The origins of pimento cheese are somewhat murky, though historians agree the earliest recipes hail from above the Mason-Dixon Line. These late 1800s versions describe a sticky concoction made with cream cheese and pimentos. Southerners decided they could do it a might better, replacing cream cheese with snappy cheddar and incorporating South Carolina-made mayonnaise. It’s also worth pointing out that, in the 1900s, pimentos were being grown with great success in Georgia. Something had to be done with all those peppers, so the widespread adoption of pimento cheese as a “Southern thing” may well have been driven in part by our natural industriousness – and love of tasty, creamy, cheesy dishes, of course.
In a nod to its regional stature, pimento cheese (sometimes pronounced “puh-men´-tuh chāz) is respectfully referred to as “Southern Paté” or the “Caviar of the South.” The late North Carolina author Reynolds Price fondly dubbed it “the peanut butter of my childhood.”
One thing pimento cheese is not is pretentious. It is as likely to be spread neatly on a cracker and topped with an olive or used as a filling in a dainty tea sandwich as to be spackled between two slices of bread and carted to work in a brown paper bag. You can buy it by the tub in the grocery store (for the best, stick to local brands, such as the award-winning Palmetto Cheese made in Pawleys Island) and order it as an appetizer at some of South Carolina’s finest restaurants. It holds the distinction of being the official sandwich at the Masters Tournament in Augusta, Ga., as well as a concession favorite during the Southern 500 at Darlington Raceway.
In recent years, it has enjoyed a notable uptick in appeal where Southern gourmands are concerned. This passion is at a fever pitch, as evidenced by its wanton use in the most unlikely dishes. Consider that this gooey deliciousness has been doubling as a condiment on food like burgers and baked potatoes, and adding decadent richness to grits, pies, omelets and casseroles – all kinds of recipes that traditionally call for cheese.
And some that don’t. But who cares about protocol when faced with a plate of crispy fried green tomatoes crowned with that tell-tale orange goodness?

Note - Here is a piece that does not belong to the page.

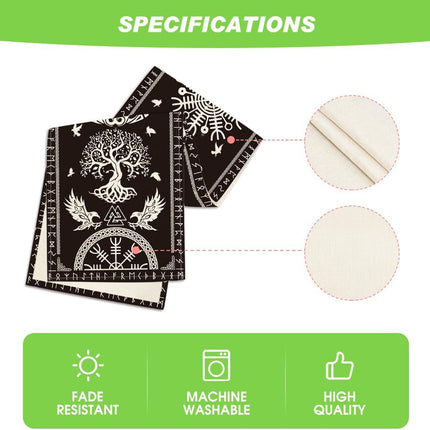 Black Viking Tree of Life Raven Helmet of Awe Table Runner, Seasonal Kitchen Dining Table Decoration for Home Party Decor 13x72 Inch.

So, to recap the answer to “What is pimento cheese?” …
It’s a mix of sharp cheddar cheese, your favorite additions (cayenne, onion, hot sauce, hot peppers, mustard or anything you find especially tasty), real pimentos (sometimes with the juice), bound together by Duke’s mayonnaise (a little if you like it dry, a lot if you like it creamy), to be eaten on white bread, crackers or burgers, to top baked potatoes or fried green tomatoes, to fill pies or deviled eggs, or to be folded into grits, eggs, casseroles or just about any cheese dish where you want extra Southern oomph. Final answer.
Now, go forth and buy your favorite brand at the supermarket or order it in one of South Carolina’s finest restaurants. Even better, make your own pimento cheese. Here’s a simple recipe to get you started. Mix it up then tweak to your palate’s delight.
Basic Southern Pimento Cheese
16 ounces coarsely grated sharp cheddar cheese
1 4-ounce jar of diced pimento (add juice if you like)
1 to 1 ½ cups of Duke’s mayonnaise, depending on desired thickness
Mix all ingredients together in a bowl. Fold in whatever seasonings or additions you like. Chill for an hour or more to let the flavors blend. Dig in.